They are talking about deep learning, the most exciting and technologically advanced field in AI that is currently being researched. Currently, deep learning shows a capacity for understanding natural conversation on a small-scale, but the computer power and data required to train these systems is quite large and requires a massive time investment. As a result, what we see right now is more of a ‘snapshot’ of what deep learning is capable.

When we think of leading AI today, the first projects that come to mind are Google’s AlphaGo and IBM’s Watson.

These AIs wow us with their ability to win complex games and respond accurately in quiz shows, but in these cases also we see that they are restricted to a rules-based environment where questions are asked through keywords (even in the game context, a move can be considered a registered keyword), and answers are given. Regardless of how successful they are in these specific, context-limited situations, true conversation is on a completely other level.

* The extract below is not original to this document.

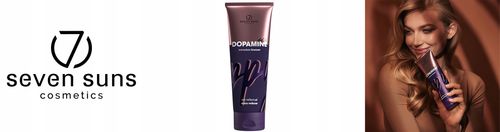 BRONZER do Opalania 7Suns Dopamine Dash Immediate Bronzer 250ml na Arena.pl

• Changing recommendation methodology: the transition from directory-based search to keyword-based search

So how do we resolve this problem? How do we arrive at true conversation?  Saying that the answer is to wait until a true general AI is invented is not really an answer at all.

Furthermore, we don’t need to restrict ourselves to solving every problem with more and more powerful algorithms.

There is a space we can occupy in the now that takes existing AI technological breakthroughs and pairs them with more intelligent, more versatile recognition/classification systems.

That is to say, if we follow the diachronic change in recommendation methodology, we can find an answer.

Today we can find and peruse more information through more channels than we could ever hope to count, but before the invention of the internet, consumers mainly received information – that is to say, purchase recommendations – through the display stands in and outside of shops. These display stands were compiled into magazine format creating the catalogs that millennials have only heard of and Gen Xers and baby boomers survived and thrived on. Sears is famous for getting its start through mail-order catalogs – soon becoming known as ‘the Consumer’s Bible’. (citation needed).

With the introduction of the internet, the first search engines followed a similar model. There was not yet the technology for keyword based searches, so information was organized into directories and subdirectories to point users in the direction they wanted to go in and find the information they sought.

The representative example of this directory-based search is Yahoo back in its heyday. In fact, Yahoo was so wed to its directory-based search structure that it hired library science majors and specialists to manage and refine their search directories.

This search and content recommendation methodology was made possible thanks to classification systems based on traditional businesses.

In just the same way that Sears published a magazine catalog, Yahoo took that existing architecture, digitized it – in this manner improvements were made over the old system in that users could click and immediately be taken to the subdirectory they wanted to go to. So for example, if I wanted to purchase a television, I could go to yahoo, choose the home appliance category, which would contain the television, refrigerator, washing machine subcategories, and then click on the television subcategory to find the information/recommendations that I am seeking.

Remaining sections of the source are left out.